## PROMPT
Copy, please, the line with "Convertidor de tarjeta" and each line that follows it through the end of the data below, exactly as given and without pictures.

## WORKING DATA
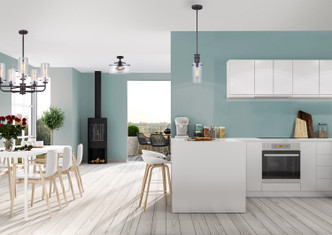 Albany Three Light Semi Flush Mount (ISF679A03ORB)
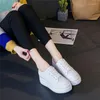 Casual Shoes 2024 Genuine Leather Cowhide Sneakers Women Lace Up Sports Platform Spring Running Vulcanized White Flats Plus Size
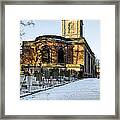 St Modwen's Church - Burton - In The Snow Framed Print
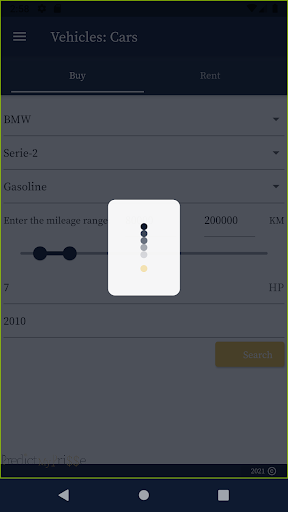 Predict-my price Screen 3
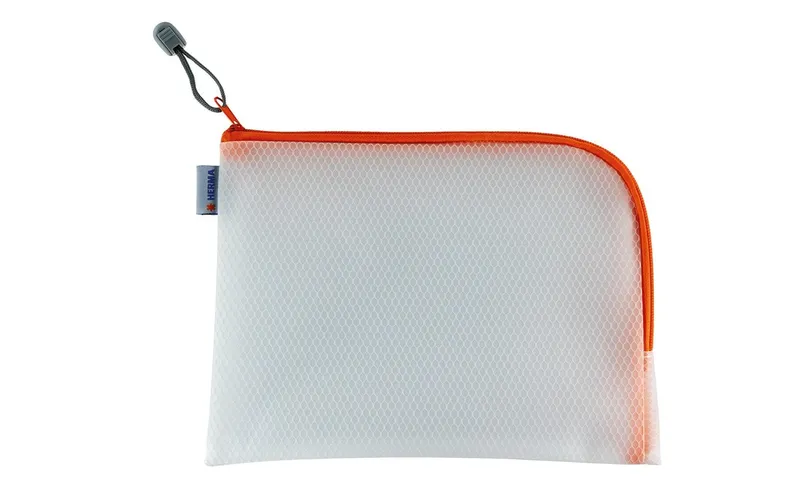 HERMA Etui Mesh Bag 26 x 20 cm, Orange/Weiss
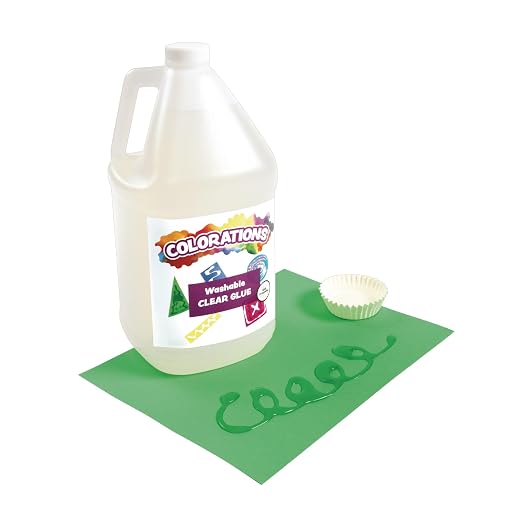 Colorations Washable Clear Glue, 1 Gallon, Bulk School and Scrapbook Supplies - Image 4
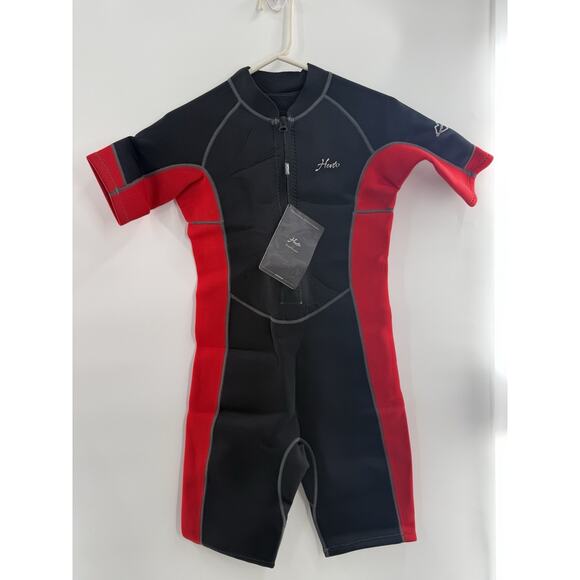 Youth Wetsuit Shorty Girls 2mm Neoprene Thermal Wet Suit Size 14 SEE PHOTO *READ - Picture 1 of 16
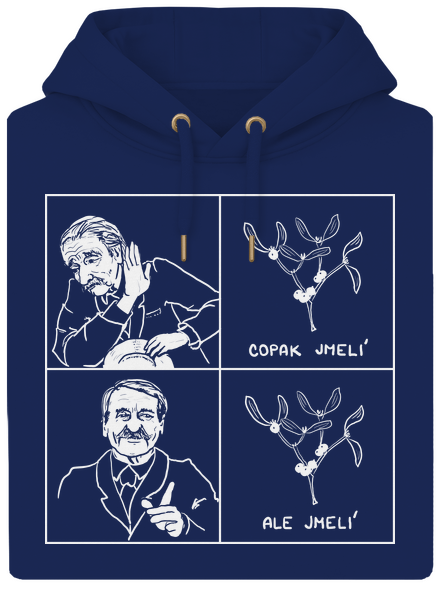 Cimrman: Copak jmelí unisex mikina premium Navy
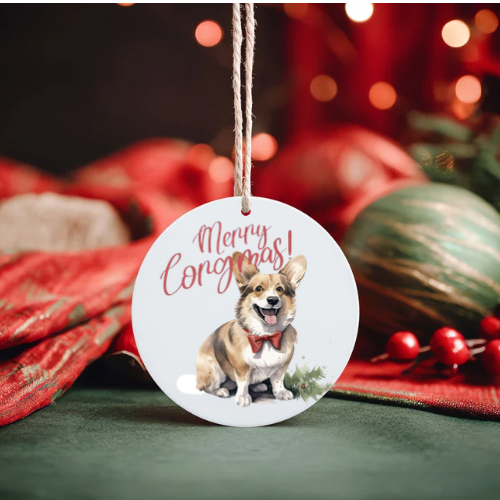 Christmas tree ornaments - dogs at Christmas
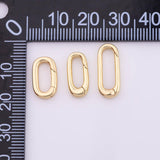 18k Gold Filled Oval Carabiner Clasp, Carabiner Lock Connector, Spring Push Gate for DIY Jewelry Finding Necklace Bracelet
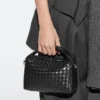 Mini bolso trenzado de piel napa Mini bolso trenzado de piel napa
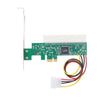 Convertidor de tarjeta adaptadora PCI-E a PCI con fuente de alimentación de 4 pines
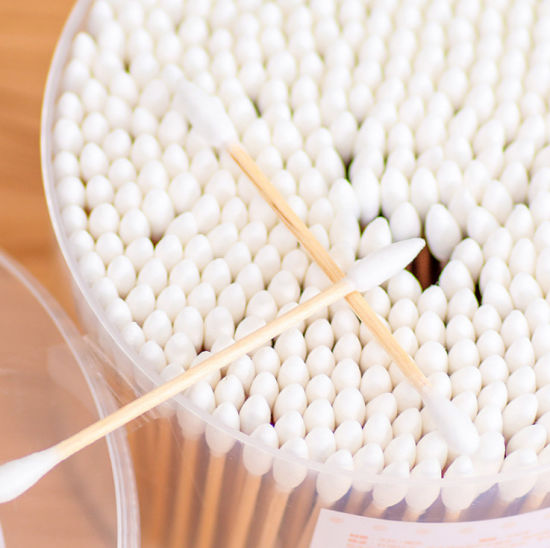 China Double Pointed End Make up Cotton Swabs Cotton Ear Buds Cotton Swab  with Wood Sticks - China Medical Supply, Medical Products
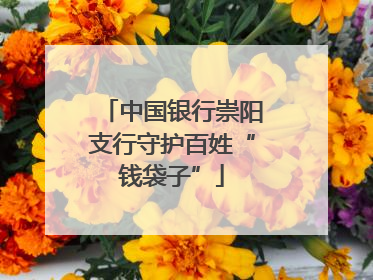 中国银行崇阳支行守护百姓“钱袋子”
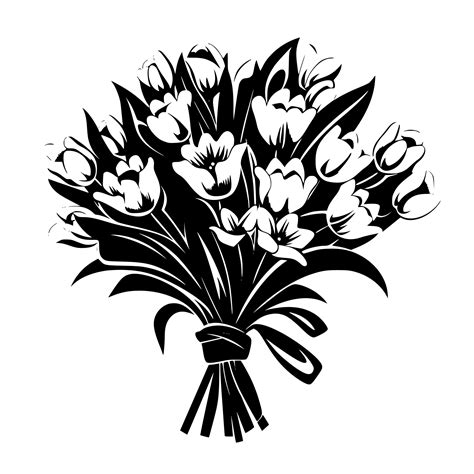 Svg File Peruvian Lillies And Tulips For Cricut Silhouette Laser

## EXERCISE ANSWER
 Convertidor de tarjeta adaptadora PCI-E a PCI con fuente de alimentación de 4 pines
 China Double Pointed End Make up Cotton Swabs Cotton Ear Buds Cotton Swab  with Wood Sticks - China Medical Supply, Medical Products
 中国银行崇阳支行守护百姓“钱袋子”
 Svg File Peruvian Lillies And Tulips For Cricut Silhouette Laser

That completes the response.